A reader came to my rescue with an explanation of the stamp in September, and I’ve just gotten around to exploring the reader’s comment in more detail. The reader, “Willy-n-Joe,” wrote this: “There was an Army policy that the soldier overseas had to request a package before the folks back home could send one. The local post office would ‘stamp/cancel’ the soldier’s letter when the family brought the package to be mailed. That would prevent ‘reuse’ of the same letter.”

Turns out that yes, indeed, there was such a policy — a policy order of the U.S. postmaster general, presumably at the request of the army, because of the concerns over taking up valuable weight and space on planes or ships going overseas. The policy starts right in with this:

“The War Department has informed the Post Office Department that in view of the heavy demands being made on cargo space for military shipments and because of the limited facilities available to commanders of theaters of operations for delivery of mail, the volume of mail dispatched to overseas destinations must be kept to a minimum.”

Dave Kent, a favorite source of ours, is editor of the Military Postal History Society Bulletin. The society “promotes the study of the postal aspects of all wars and military actions of all nations.” Kent confirmed the policy that Willy-n-Joe mentioned in the comment, and noted that the society’s bulletin had written about it, with examples of letters that had been stamped, in a 1999 edition of its magazine. You can see the entire edition here as a PDF, along with the article about the package policy.

This is the full text of the January 1943 postmaster general’s policy No. 19687.

The article, written by George Cosentini, cheekily notes that “in its great Wisdom, the military had to add little things here and there that one has a little difficulty in understanding.” Cosentini is referring to a line in the policy requiring that packages only contain content in the “specific written request of the addressee (and) approved by the battalion or similar unit commander of the addressee.”

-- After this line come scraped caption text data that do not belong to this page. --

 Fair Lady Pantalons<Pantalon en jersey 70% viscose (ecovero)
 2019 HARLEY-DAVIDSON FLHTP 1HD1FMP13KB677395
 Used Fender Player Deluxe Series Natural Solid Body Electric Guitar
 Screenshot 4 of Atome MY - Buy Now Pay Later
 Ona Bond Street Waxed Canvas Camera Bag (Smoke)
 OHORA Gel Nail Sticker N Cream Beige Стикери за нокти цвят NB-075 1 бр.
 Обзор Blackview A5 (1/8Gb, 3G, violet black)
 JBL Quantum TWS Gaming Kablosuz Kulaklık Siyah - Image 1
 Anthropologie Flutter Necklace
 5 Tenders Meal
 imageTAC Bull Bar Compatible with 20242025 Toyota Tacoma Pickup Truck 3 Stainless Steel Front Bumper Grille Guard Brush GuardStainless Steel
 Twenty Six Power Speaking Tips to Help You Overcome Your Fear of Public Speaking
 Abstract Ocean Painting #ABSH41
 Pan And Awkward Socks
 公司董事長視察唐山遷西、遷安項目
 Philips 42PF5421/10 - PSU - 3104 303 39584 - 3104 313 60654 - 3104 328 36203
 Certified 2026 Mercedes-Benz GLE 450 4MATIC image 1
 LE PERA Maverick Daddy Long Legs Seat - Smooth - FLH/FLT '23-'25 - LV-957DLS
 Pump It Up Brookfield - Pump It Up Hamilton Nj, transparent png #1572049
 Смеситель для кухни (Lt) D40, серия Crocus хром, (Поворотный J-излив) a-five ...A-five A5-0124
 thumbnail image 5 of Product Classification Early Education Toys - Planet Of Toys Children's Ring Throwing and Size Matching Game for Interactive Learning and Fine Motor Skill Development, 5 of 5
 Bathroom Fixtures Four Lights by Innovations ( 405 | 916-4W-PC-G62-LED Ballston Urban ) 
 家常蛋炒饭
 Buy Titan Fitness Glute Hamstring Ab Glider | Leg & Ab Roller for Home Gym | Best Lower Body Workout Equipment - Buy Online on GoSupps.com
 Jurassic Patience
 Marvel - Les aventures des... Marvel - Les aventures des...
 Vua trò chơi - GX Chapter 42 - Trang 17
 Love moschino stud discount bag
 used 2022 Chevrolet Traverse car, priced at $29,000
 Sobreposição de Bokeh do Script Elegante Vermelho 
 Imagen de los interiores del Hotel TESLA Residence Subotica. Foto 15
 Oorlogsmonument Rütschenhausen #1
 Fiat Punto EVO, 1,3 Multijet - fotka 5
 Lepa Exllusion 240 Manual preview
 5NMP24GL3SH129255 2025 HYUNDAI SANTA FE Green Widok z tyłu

“I am hard-pressed to believe that the battalion commander and his staff had time to sort out if cookies were OK to be requested, or anything else for that matter,” Cosentini notes. “But such is war. If there was supposed to be an OK by any kind of unit commander, I have never seen one.”

For the record, in his letter, Babe requested writing paper, pencils, ink, socks, handkerchiefs, chocolate bars, tea, cookies and blackberry jelly. “Don’t let anyone, I don’t care if it is the mayor,” he wrote, “tell you you can’t send anything that I just mentioned because fellows here have received everything I want in packages already.”

2 thoughts on “The Postmaster’s Order Regulating How Soldiers Got Packages

  1. I received today a letter from a curator at the Smithsonian’s National Postal Museum enclosing documents pertaining to these postal regulations. One was an excerpt (page 85-88) of “A Wartime History of the Post Office Department: World War II 1939-1945. That document does stipulate that the approval of the unit commander later became unnecessary and also says that “When parcels were presented for mailing addressed to APO’s overseas, the accepting employees were to examine the requests brought by the mailer and postmark them to prevent reuse.”